Patent linkage may be regarded as a link between the marketing approval of the generic product and the patent status of the originator reference (innovator) product. Marketing Approval ensures the safety and efficacy of a pharmaceutical product. However, the patent gives exclusive rights to a patent holder to prevent others from making, selling, using, importing, and offering to sell a patented product. A patent provides exclusive rights to a patent holder for a period of 20 years and no generic could be brought to the market for sale until the patent of the originator reference product is in force. Therefore marketing approval cannot override the patent rights.

In some jurisdictions, a link between the marketing approval of the generic product and the patent status of the new product known as Patent linkage has been established. Patent linkage disallows the marketing approval of the generic drug until the patent of the originator reference drug is valid. The US is the first country to adopt Patent linkage as a part of the Hatch Waxman Act (1984). The use of Patent linkage in the US intends to stimulate innovation in the field of pharmaceuticals and on the same side intends to facilitate the timely entry of generic medicines in the market.

Under the Hatch-Waxman Act, an Abbreviated New Drug Application (ANDA) now contains the bioequivalence data which facilitates the entry of generics into the US market without any requirement of submitting costly clinical (humans) and preclinical (animal) data to ensure safety and efficacy. All the innovator or generic drugs approved by the FDA are entered in the orange book. However, ANDA applicants must have to certify the following conditions:

(1) the drug has not been patented

(2) the patent of the innovator drug has expired

(3) the generic drug will not be placed on the market until the patent expires

(4) the patent is not infringed on or is invalid

If the patent of the reference originator (innovator) product is in force than the Applicant of the generic drug has to either wait till the patent expires or must notify the innovator company of its filing and describe why the generic product is not infringing the patented product or can also prove the patent of the innovator product is invalid or unenforceable.

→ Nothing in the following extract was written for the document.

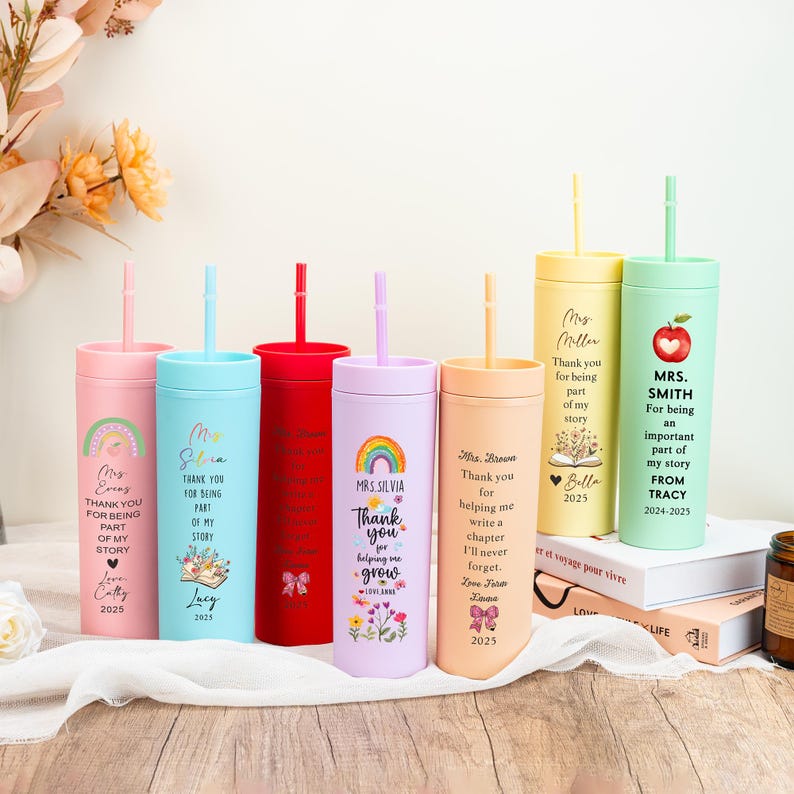 May include: A collection of personalized tumblers with straws in various colors, including pink, blue, red, purple, yellow, and green. Each tumbler features custom text and graphics, such as rainbows, flowers, and the text "Thank you".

India has not adopted Patent linkage yet. A generic manufacturing company can apply forth marketing approval of a generic product even if the patent status of the originator reference product is valid. However, the approved generic drug cannot be brought to the market if the patent of the originator drug is in force. There are different authorities responsible for the grant of a patent and marketing approval in India. The authority responsible for the granting of patents is the Indian Patent Office, and the national regulatory authority responsible forgiving marketing approval to pharmaceutical products is the Central Drugs Standard Control Organization (CDSCO). The Drug Comptroller General of India (DCG) provides marketing approval in accordance with the Drug and Cosmetic Act 1940. Moreover, the CDSCO does not maintain any register of patented pharmaceuticals like the orange book in the US. There is no linkage between the patent rights and marketing approval of generic drugs in India. Patent linkage is not applicable in India, but a direct attempt to push Patent linkage was attempted by Bristol-Myers Squibb Company (Bristol-Myers Squibb Company & Ors v.Dr. BPS Reddy & Ors, I.A.No. 3696 of 2013,I.A.No. 13386 of 2013, I.A.No. 11383 of 2014in CS (OS) No. 2680 of 2008 prohibiting the Drug Comptroller General of India (DCGI)from granting marketing approval for a generic version of Sprycel (dasatinib, used to treat chronic myeloid leukemia) and secured an exparte injunction.

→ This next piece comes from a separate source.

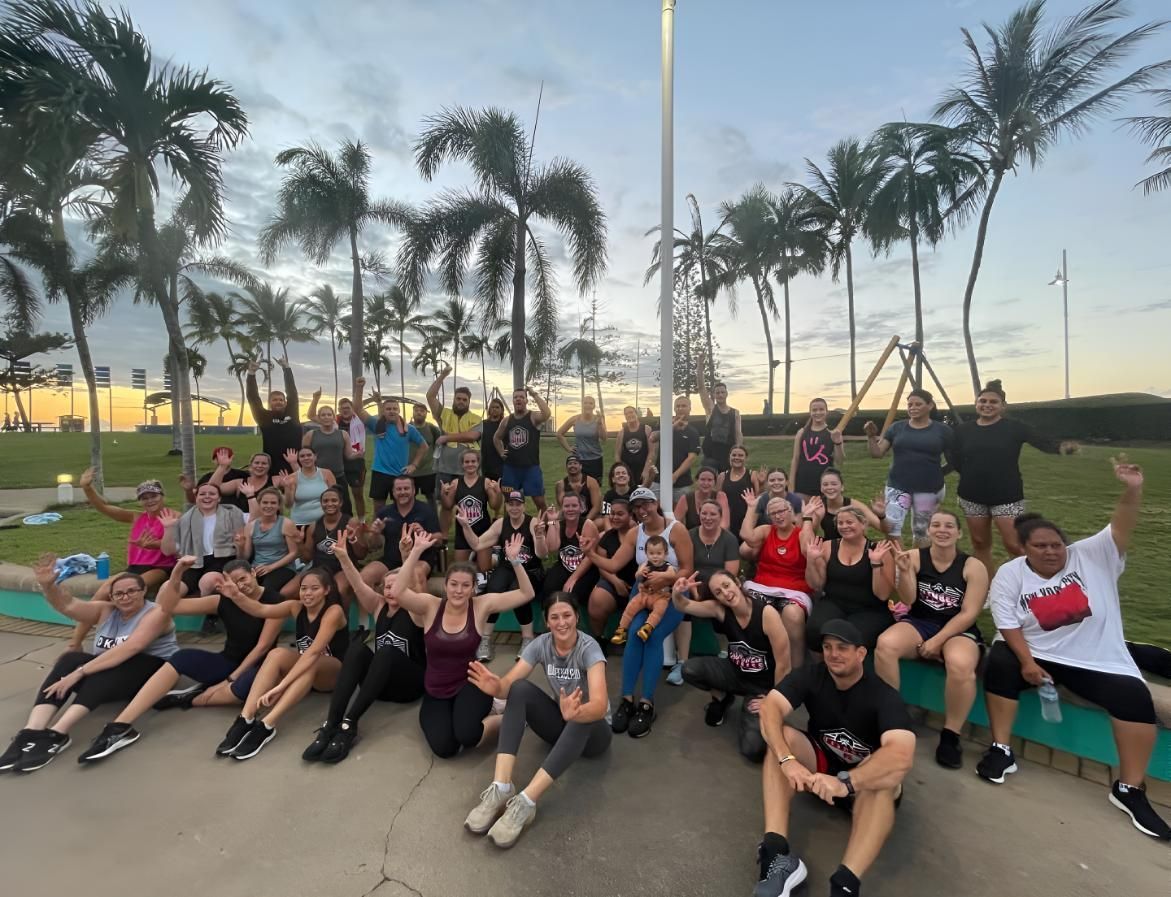 A Large Group Of People Are Posing For A Picture In Front Of Palm Trees — Elev8ed Fitness In Currajong, QLD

Next came the High court judgment of Bayer Corporation and Ors v. Cipla of India (UCI) and Ors, 162 (2009) DLT 371, which has given clarity over Patent linkage in India. Bayer has attempted to prohibit the Drug Comptroller General of India (DCGI) from granting marketing approval to Cipla for a generic version of Soranib.

The Court has disapproved Patent linkage citing several reasons for its decision:

1) Two state authorities (Indian Patent Office and DISCO) operate solely with different objectives. The Drug and Cosmetic Act has no statute which denies the approval of generic drugs when the patent is in force. Moreover, the DCGI is only responsible for the safety and efficacy of the generic drug and the ensuring of other necessary infrastructural facilities required forth manufacturing of the drug. Furthermore, the market approval of the drug is only liked to the conditions given in the Drug and Cosmetic Act.

2) The Court has further clarified that courts cannot establish or decree a Patent linkage, desired by Bayer as it would be a policy choice avoided by the Parliament.

3) The Court has clarified that Article 27 of the TRIPS agreement clearly states that the patents are to be made available without any discrimination of technology and Patent linkage applies to pharmaceuticals only.

Conclusion:

Patent linkage is favourable for the Big Pharma companies that invest a significant sum of money in the research and development of new and innovative drugs as it provides second-tier protection for a patent monopoly. As discussed, the High Court has already decided that there is no provision of patent linkage in India. However, it can be a beneficial provision, if adopted carefully taking into consideration the public health, interests of big pharma companies and the generic manufacturing companies.

Patent linkage is yet not a provision adopted in India. Basically, Patent linkage disallows marketing approval of the generic drug till the patent of the originator reference drug is valid.